■ **BRIEF**
Word for word and without images, transcribe all of the records.

Source records:
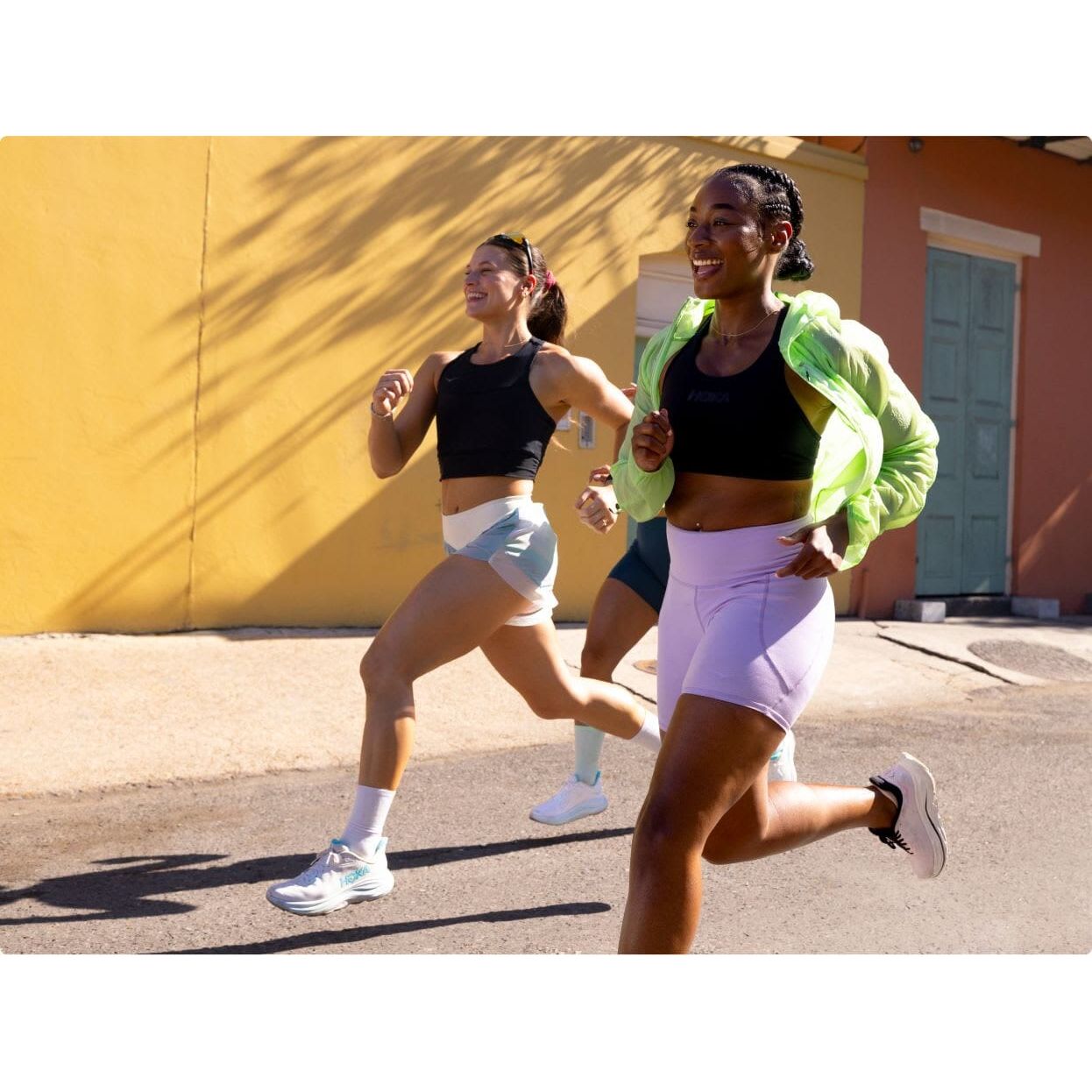 HOKA Clifton 10 Women's Running Shoes - Lightweight Cushioned Road Running Sneakers for Women | Perfect for Marathon Training, Jogging & Everyday Wear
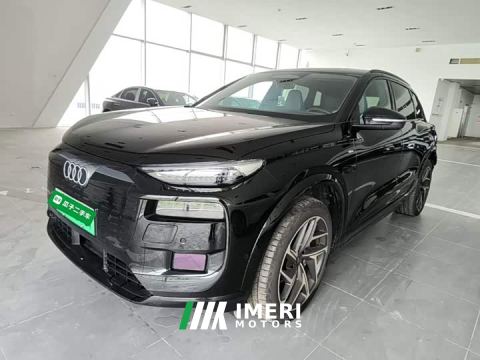 2025 Audi Q6L e-tron Premier Launch Edition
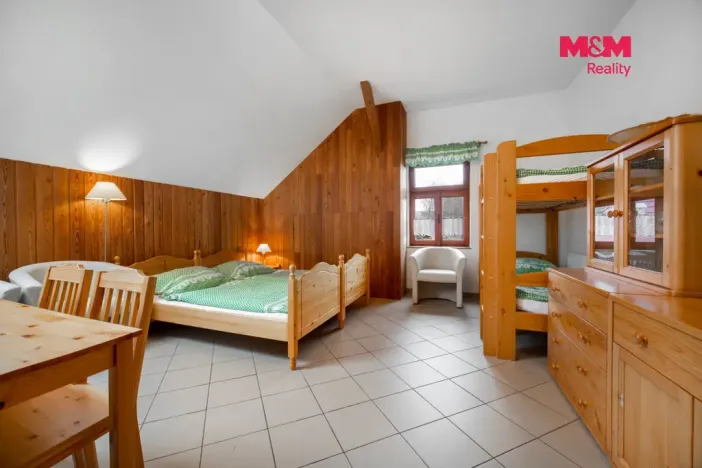 Prodej ubytování, Liberk - Rampuše, 1500 m2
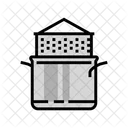 Steam Pot  Icon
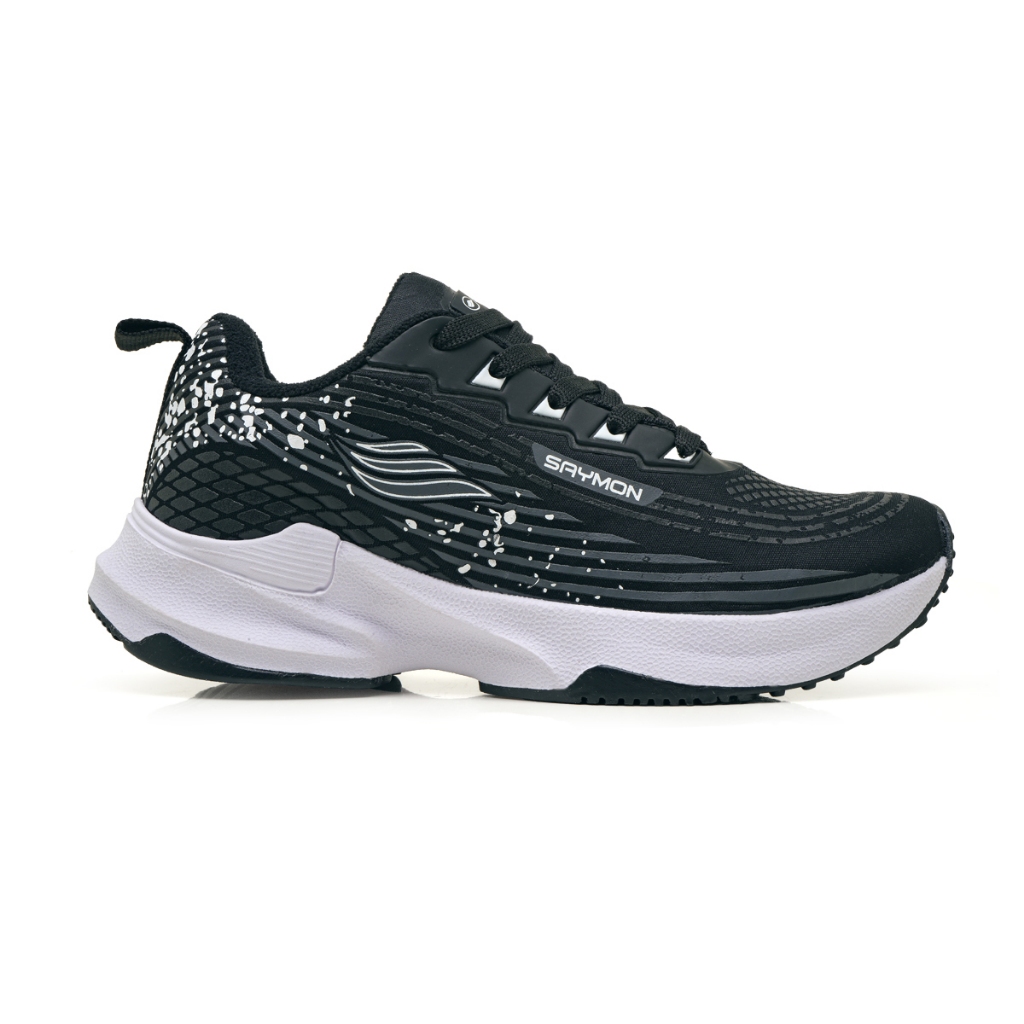 Tênis Saymon Esportivo Adulto Ultra Confot Masculino Academia | Shopee ...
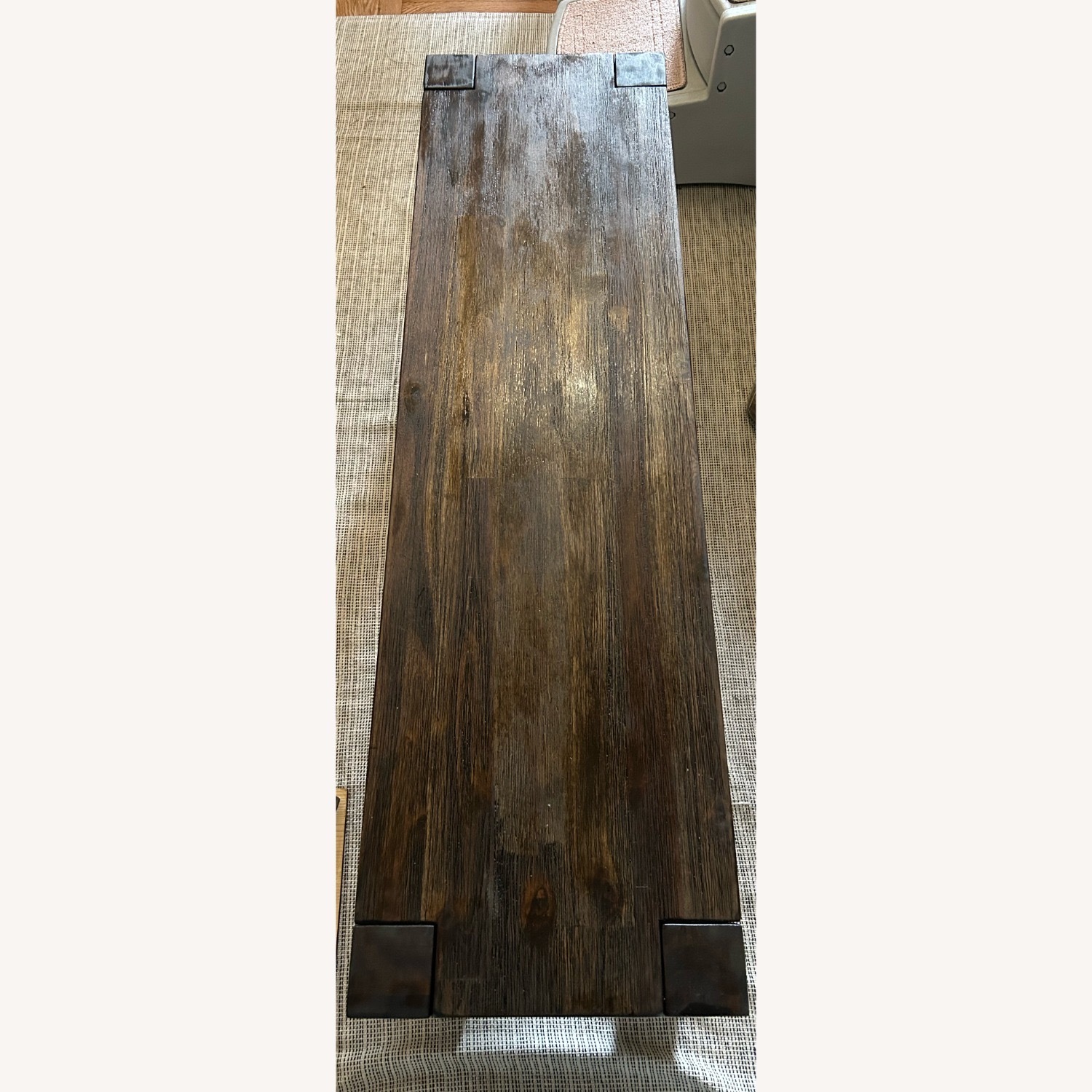 Macy's Avondale 49" Dining Bench - image-3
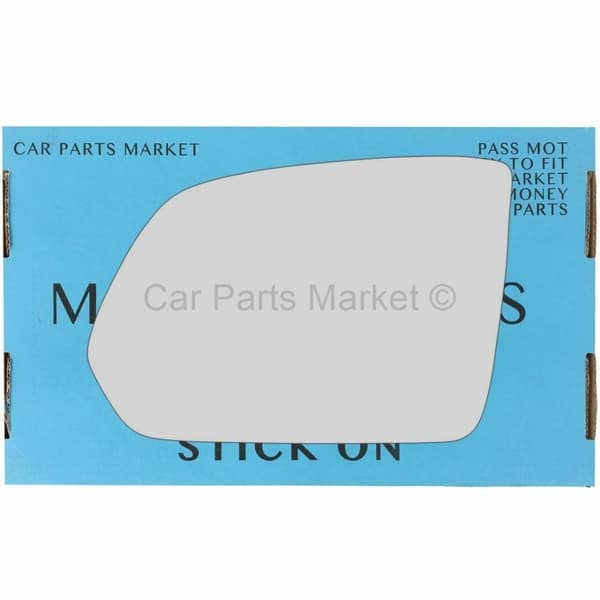 For Mercedes V-Class 2014-2020 Left Passenger Side Wing Mirror Glass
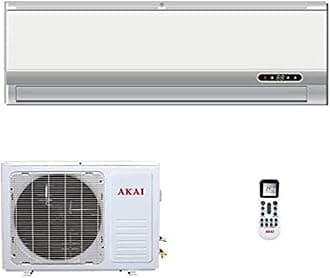 Akai 1.0 Ton Split Unit Tropical AC ACMA-1200st1
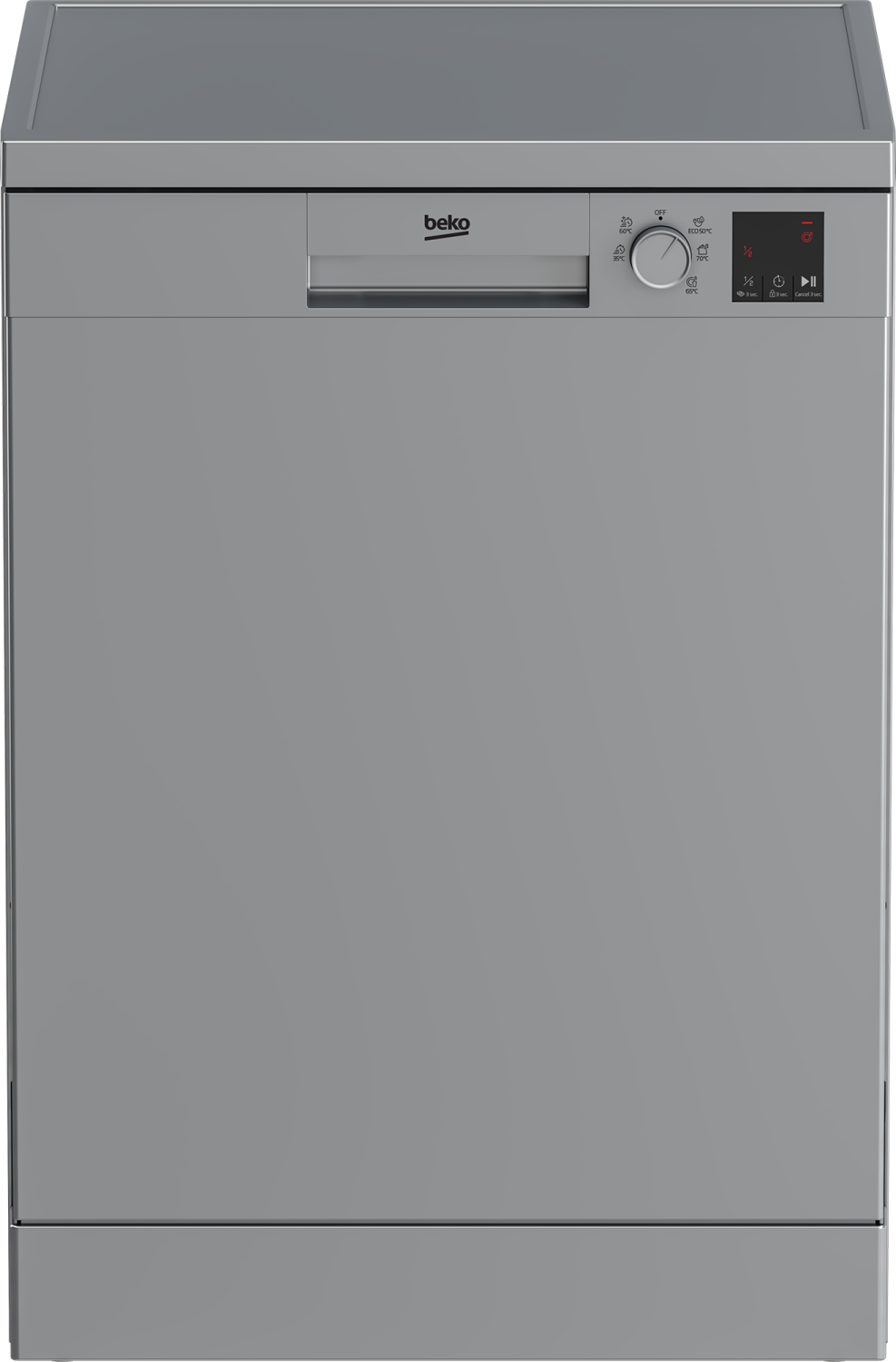 Lave vaiselle Beko LVV4729S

■ **TASK SOLUTION**
 HOKA Clifton 10 Women's Running Shoes - Lightweight Cushioned Road Running Sneakers for Women | Perfect for Marathon Training, Jogging & Everyday Wear
 2025 Audi Q6L e-tron Premier Launch Edition
 Prodej ubytování, Liberk - Rampuše, 1500 m2
 Steam Pot  Icon
 Tênis Saymon Esportivo Adulto Ultra Confot Masculino Academia | Shopee ...
 Macy's Avondale 49" Dining Bench - image-3
 For Mercedes V-Class 2014-2020 Left Passenger Side Wing Mirror Glass
 Akai 1.0 Ton Split Unit Tropical AC ACMA-1200st1
 Lave vaiselle Beko LVV4729S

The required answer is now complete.